(Beginning of GIVEN DATA)

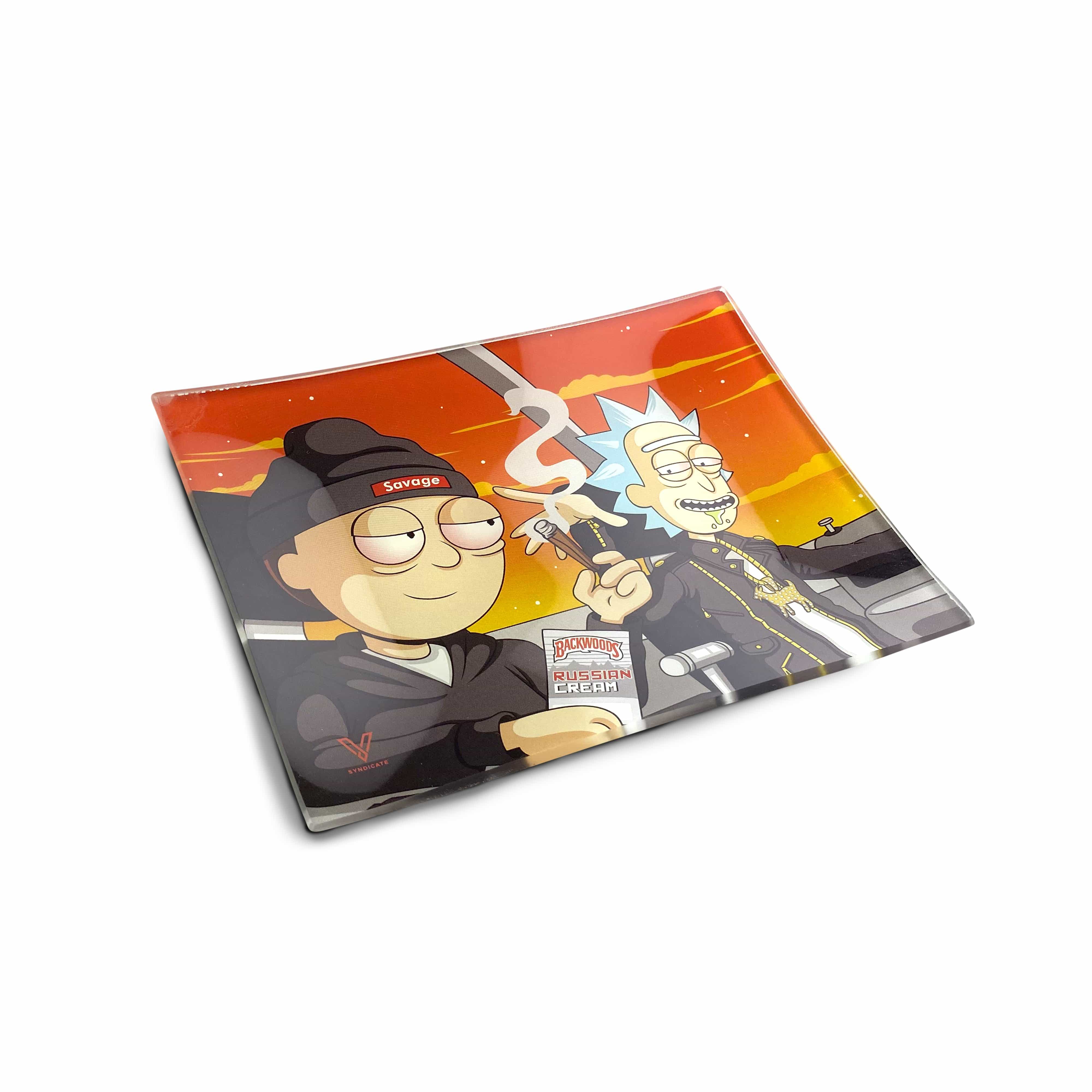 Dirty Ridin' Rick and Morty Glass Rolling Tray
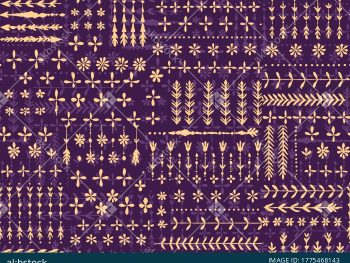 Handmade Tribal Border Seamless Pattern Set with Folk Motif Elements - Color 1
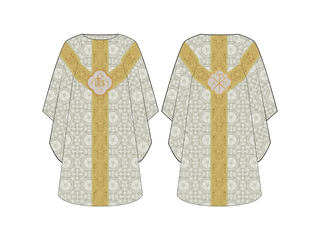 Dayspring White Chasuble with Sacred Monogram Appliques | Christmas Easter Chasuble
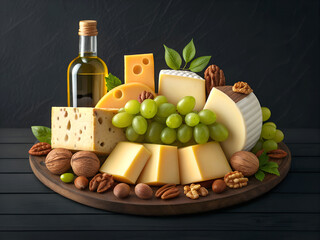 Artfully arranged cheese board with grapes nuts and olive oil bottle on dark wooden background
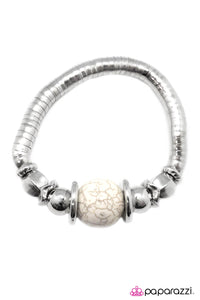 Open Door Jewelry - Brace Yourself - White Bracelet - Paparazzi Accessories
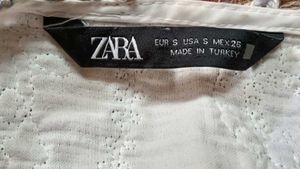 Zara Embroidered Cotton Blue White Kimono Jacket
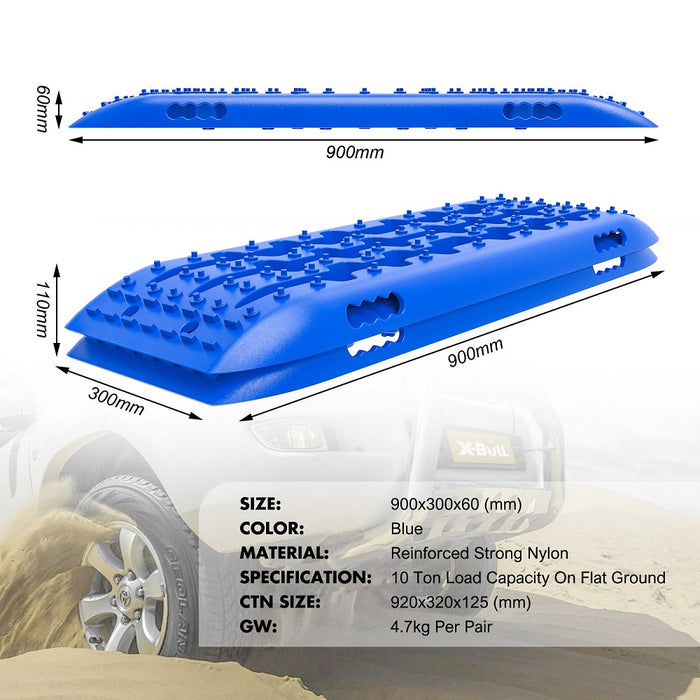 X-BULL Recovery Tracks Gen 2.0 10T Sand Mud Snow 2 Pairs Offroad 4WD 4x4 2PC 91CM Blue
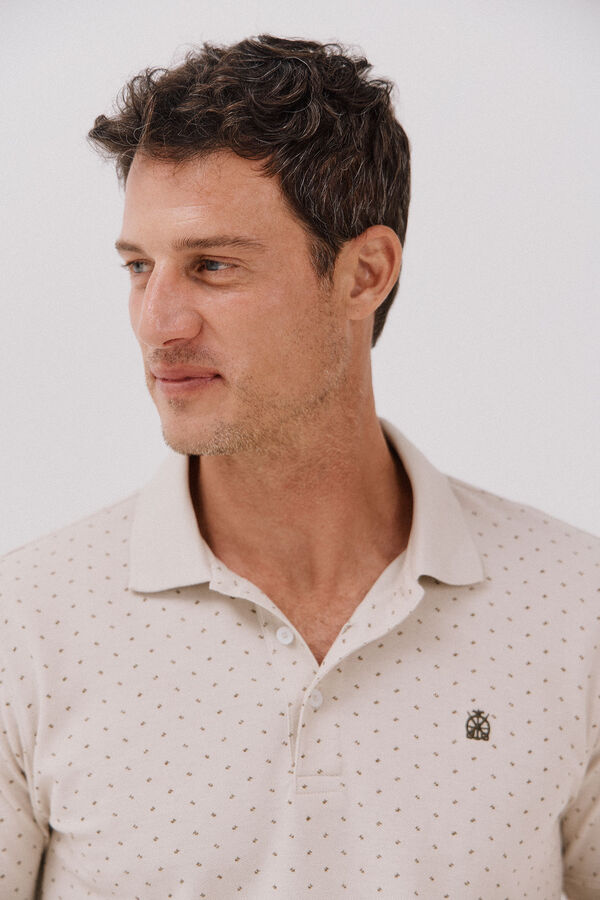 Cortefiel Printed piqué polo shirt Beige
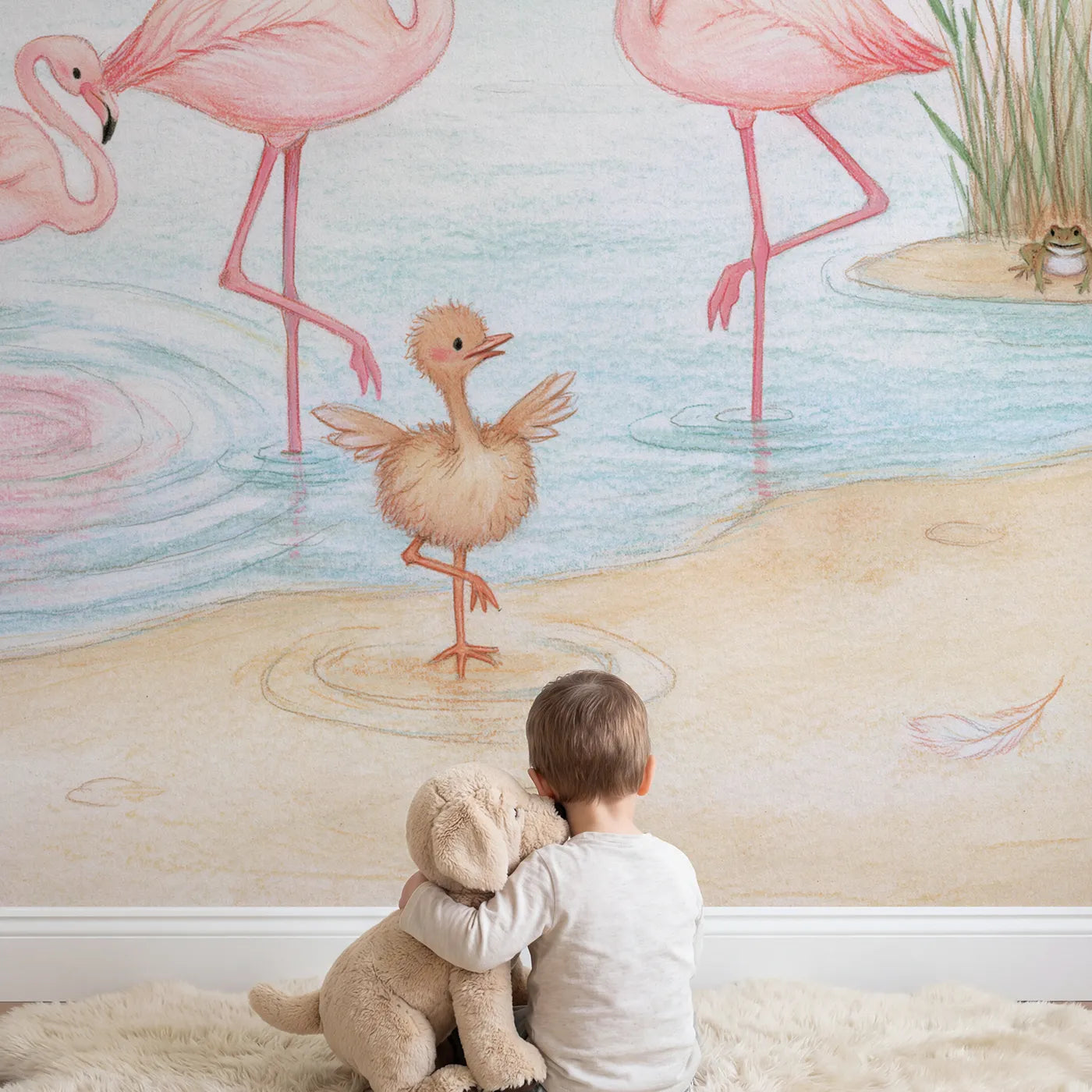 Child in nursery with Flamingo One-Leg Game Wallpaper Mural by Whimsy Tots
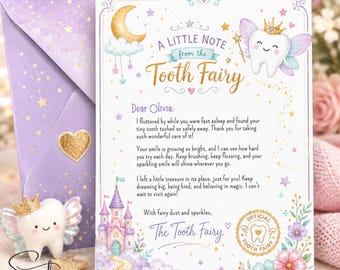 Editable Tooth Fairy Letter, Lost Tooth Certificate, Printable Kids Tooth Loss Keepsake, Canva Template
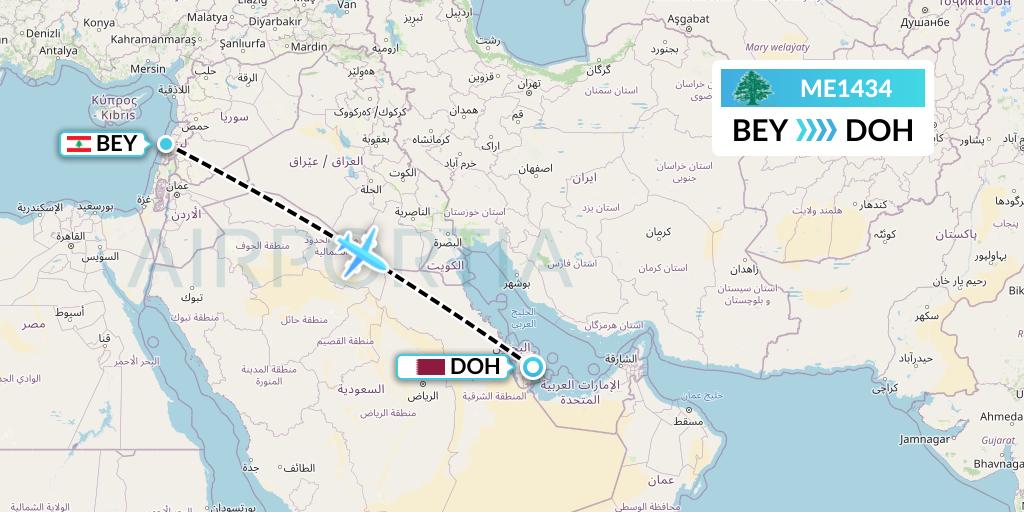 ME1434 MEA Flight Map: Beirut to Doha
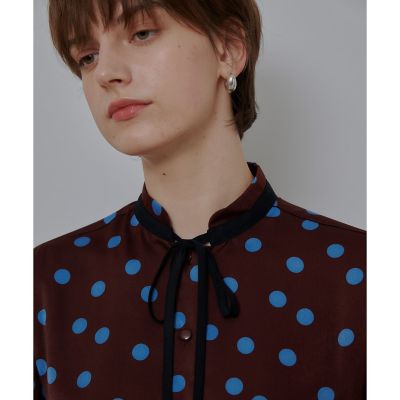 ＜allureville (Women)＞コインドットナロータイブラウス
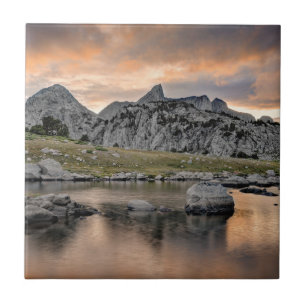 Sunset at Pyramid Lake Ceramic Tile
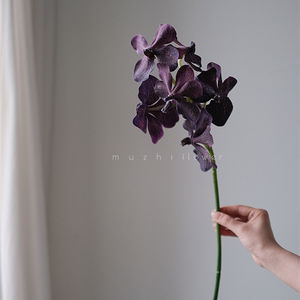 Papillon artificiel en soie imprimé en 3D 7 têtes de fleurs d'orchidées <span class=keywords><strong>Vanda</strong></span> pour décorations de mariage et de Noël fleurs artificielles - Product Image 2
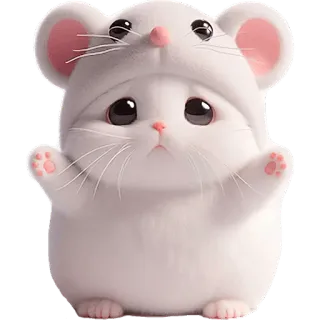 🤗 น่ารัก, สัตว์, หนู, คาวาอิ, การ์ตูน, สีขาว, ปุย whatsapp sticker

(End of GIVEN DATA)

**YOUR INSTRUCTIONS:**
Your task is to reproduce exactly the lines from the start of the data above through the line containing "Artfully arranged cheese", leaving every picture out.

**ANSWER SECTION:**
 Dirty Ridin' Rick and Morty Glass Rolling Tray
 Handmade Tribal Border Seamless Pattern Set with Folk Motif Elements - Color 1
 Dayspring White Chasuble with Sacred Monogram Appliques | Christmas Easter Chasuble
 Artfully arranged cheese board with grapes nuts and olive oil bottle on dark wooden background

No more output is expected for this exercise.